Hi, I am encountering a performance problem, which I have tracked into the
Linux kernel. The problem occurs with my experimental web server that uses
sendfile to repeatedly transmit files. The files are based on the static
portion of the SPECweb99 fileset and range in size to model a reasonable
workload. With this workload, a significant number of the requests are
for files of size 4 KB or less.
I have determined that the performance problems occurs in the function
do_generic_mapping_read in file mm/filemap.c for kernel version 2.6.20.1.
Here is the specific code fragment:
/*
* When (part of) the same page is read multiple times
* in succession, only mark it as accessed the first time.
*/
if (prev_index != index)
mark_page_accessed(page);
The implication of this code is that for files of size less than or equal
to a single page, the page associated with such a file is likely to get
evicted from the cache regardless of how frequently it is accessed.
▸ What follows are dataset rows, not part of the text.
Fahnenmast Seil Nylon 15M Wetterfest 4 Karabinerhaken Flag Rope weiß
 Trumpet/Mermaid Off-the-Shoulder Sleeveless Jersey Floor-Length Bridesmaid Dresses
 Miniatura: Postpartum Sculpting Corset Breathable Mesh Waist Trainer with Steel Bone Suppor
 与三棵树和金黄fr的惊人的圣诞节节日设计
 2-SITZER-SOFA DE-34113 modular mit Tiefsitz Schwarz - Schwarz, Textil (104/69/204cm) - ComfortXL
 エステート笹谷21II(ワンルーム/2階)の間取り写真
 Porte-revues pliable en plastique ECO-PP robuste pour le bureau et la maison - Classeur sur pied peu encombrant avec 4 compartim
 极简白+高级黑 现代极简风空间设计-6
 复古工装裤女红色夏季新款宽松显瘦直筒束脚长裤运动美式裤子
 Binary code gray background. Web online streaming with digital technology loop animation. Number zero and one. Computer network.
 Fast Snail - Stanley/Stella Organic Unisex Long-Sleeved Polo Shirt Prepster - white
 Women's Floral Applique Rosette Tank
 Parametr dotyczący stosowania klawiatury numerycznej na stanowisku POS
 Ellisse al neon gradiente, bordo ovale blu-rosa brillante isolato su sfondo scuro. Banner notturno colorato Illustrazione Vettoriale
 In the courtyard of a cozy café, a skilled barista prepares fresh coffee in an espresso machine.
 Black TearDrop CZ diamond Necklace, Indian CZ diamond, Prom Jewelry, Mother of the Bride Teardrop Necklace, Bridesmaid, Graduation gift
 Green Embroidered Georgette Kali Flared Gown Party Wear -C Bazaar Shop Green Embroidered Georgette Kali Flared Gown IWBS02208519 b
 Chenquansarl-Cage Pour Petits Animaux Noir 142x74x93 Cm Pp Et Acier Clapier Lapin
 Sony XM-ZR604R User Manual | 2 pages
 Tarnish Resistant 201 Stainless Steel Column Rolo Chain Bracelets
The
reason is that after the first access, prev_index is always zero and index
can only be zero. Hence, mark_page_accessed is never called after the
first time the file is requested. As a result, the page is evicted from
the cache no matter how frequently it is used. By changing the kernel to
always call mark_page_accessed for these files, the server throughput is
increased by as much as 20%.
I was wondering if anyone could explain why the call to mark_page_accessed
is conditional? That is, what problem it is trying to solve. It would seem
that in many scenarios, if the same page is accessed repeatedly, then it
would be appropriate to keep that page cached.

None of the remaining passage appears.